Hong Kong mass housing price growth to hit up to 3% this year | Realestate Asia
, Hong Kong

Hong Kong mass housing price growth to hit up to 3% this year

Meanwhile, luxury home prices could jump by 3-5%.

Knight Frank says Hong Kong's residential market sentiment was positive amid a vibrant market in November, with both primary and secondary sales recording an uptick in transaction volume. According to the Land Registry, 5,409 residential units were sold in November, up 16.5% MoM. Total sales value edged up 3.2% to HK$51.3 billion. 

Here's more from Knight Frank:

Primary sales continued to be robust, rising 45.6% MoM to 1,854 units. Hang Lung Properties’ new residential project in Kowloon East, The Aperture, was oversubscribed by 14 times in its first batch of flats, and over 75% of the available units were sold. 

There were some notable transactions in the luxury market during the month. For instance, a transaction in Central Peak II reached a record high for Mid-Levels East, with a 3,723-sq-ft-house selling for HK$386.8 million or HK$103,895 per sq ft, indicating continued demand for highquality prime properties. 

As at the end of November, 30 residential projects with 16,011 units were waiting for approval for presales, the highest number since August 2018. More new flats are expected to hit the market in the coming quarters. 
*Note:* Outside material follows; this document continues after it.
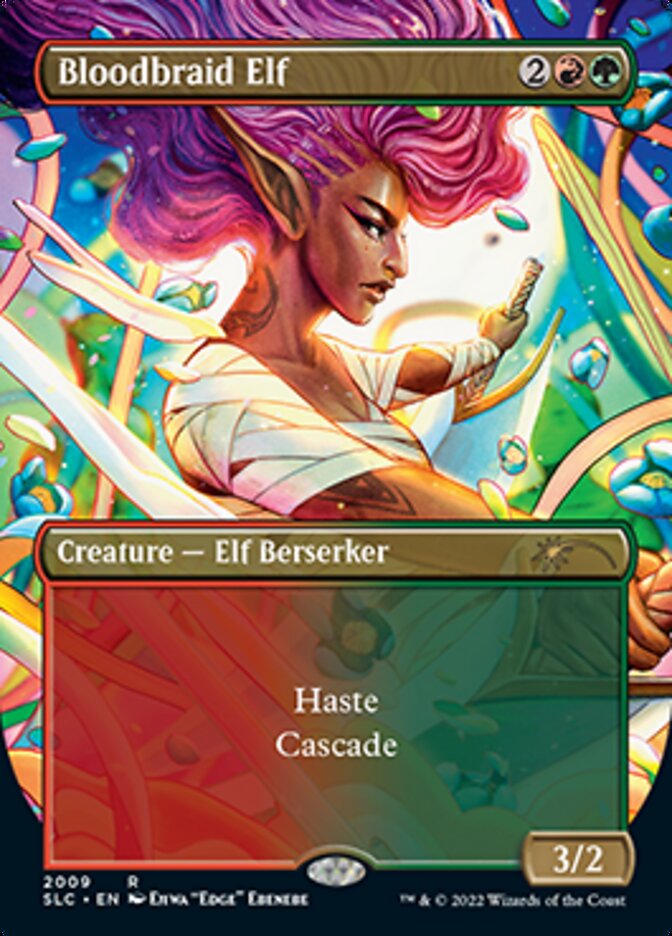Bloodbraid Elf (Borderless Alternate Art) [Secret Lair Countdown Kit] | Exor Games Bridgewater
With fewer residential plots being tendered through government auction, some developers have increased their land bank by applying for planning authorization to convert plots approved for non-domestic use to domestic use. Among the notable cases, Star Properties paid a premium of HK$818 million to convert an industrial site to residential development, which is expected to provide about 300 units. 
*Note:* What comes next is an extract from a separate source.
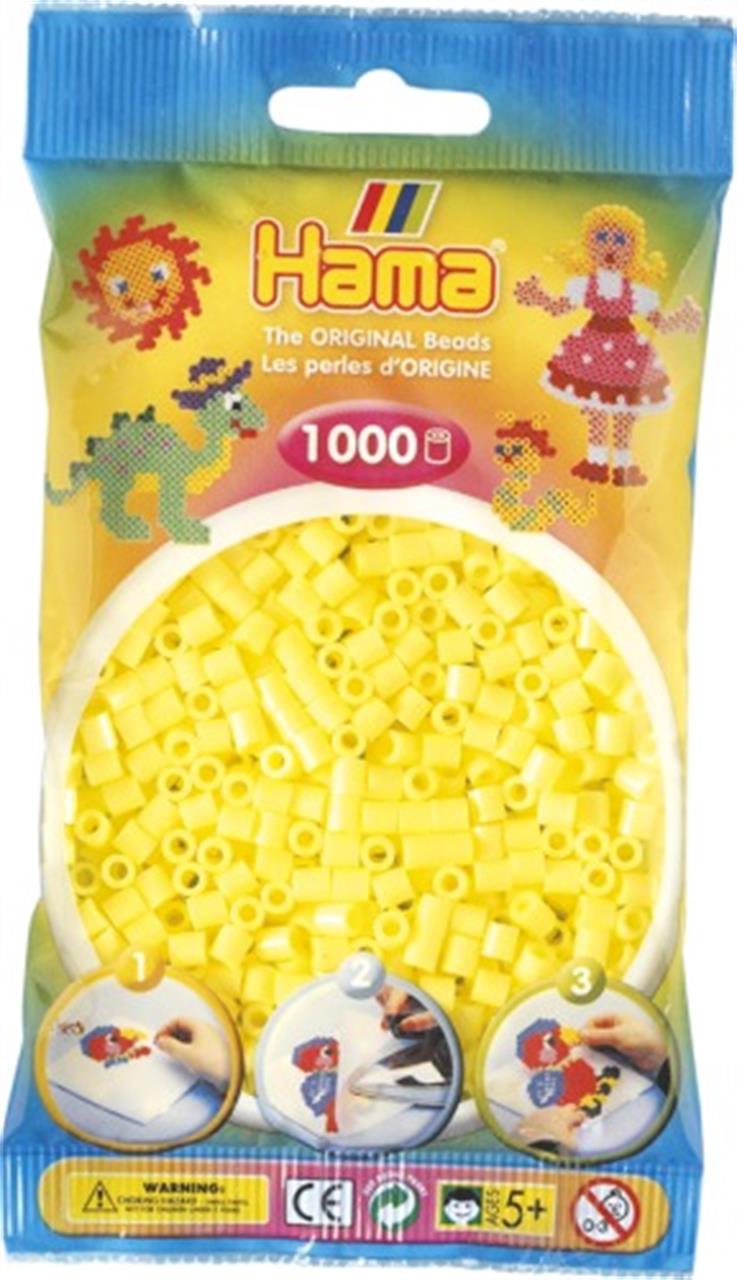 Auf dem Bild ist eine Packung Hama-Bügelperlen in Pastellgelb zu sehen. Die Packung enthält 1000 Stück und ist für Kinder ab 5 Jahren geeignet.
Going forward, given the gradual economic recovery and the low interest rate environment, we maintain our optimistic outlook for the residential market. We expect mass housing prices to go up by 0% to 3% in 2022, and luxury prices to increase 3% to 5%, given the expected Hong Kong–Mainland border reopening.

With more new projects launches and various finance schemes offered by developers, more purchasing power in the secondary market is expected to shift to the primary market, so we expect the transaction volume ratio of first-hand to second-hand homes to be about 30:70 in 2022, and total residential transaction volume to be about 60,000 to 65,000 units next year.